La production est au diapason de cette ambition mesurée : chaque piste empruntée ici se déploie dans une suite d’arrangements brillants et enlevés (cordes, chœurs, cuivres et claviers vintage), sans jamais faire de l’ombre aux propos intimistes de son auteur. Qui regarde moins son nombril que le miroir d’une génération floue, tiraillée entre la peur de grandir et la nécessité de partir. Émergent alors des souvenirs d’enfance où réapparaissent les rapports de classe frustrants (Courchevel), l’hypocrisie familiale (La Famille Kinder) et les secrets toxiques (Pourquoi Êtes-Vous Si Triste ?).

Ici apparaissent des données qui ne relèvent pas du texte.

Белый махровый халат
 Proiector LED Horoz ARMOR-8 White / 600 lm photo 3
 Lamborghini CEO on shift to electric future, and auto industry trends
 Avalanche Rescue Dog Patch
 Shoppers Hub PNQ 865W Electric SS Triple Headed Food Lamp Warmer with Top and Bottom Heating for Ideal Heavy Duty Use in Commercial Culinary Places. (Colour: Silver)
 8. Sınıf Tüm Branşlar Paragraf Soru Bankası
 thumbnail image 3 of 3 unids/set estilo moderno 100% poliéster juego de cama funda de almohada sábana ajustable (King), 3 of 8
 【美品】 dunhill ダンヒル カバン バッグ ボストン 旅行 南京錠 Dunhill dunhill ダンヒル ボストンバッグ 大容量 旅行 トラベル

Et c’est encore plus remuant quand l’amour entre en jeu. Sur le magnifique L’Eau De Rose, la vie de couple tourne à l’insatisfaction chronique avant de retrouver toute sa puissance attractive sur un refrain en forme d’épiphanie. Sans oublier Roissy, duo vibrant avec Jane Birkin qui tourne au dialogue de sourds. Si La Charette et Narbonne Plage traînent un peu la patte en comparaison, l’instrumental échevelé Hors Piste, en hommage bien senti aux bandes originales de François de Roubaix et Michel Colombier, retrouve toutes ses belles couleurs. Le très épuré Qui Je Suis vient clore ce troisième album doux-amer en questionnant la place qu’on occupe quand on laisse passer le train des conventions sociales : “Pas d’adversaires, de concurrents, de plans de carrière, de liens du sang Un vrai outsider on vous dit.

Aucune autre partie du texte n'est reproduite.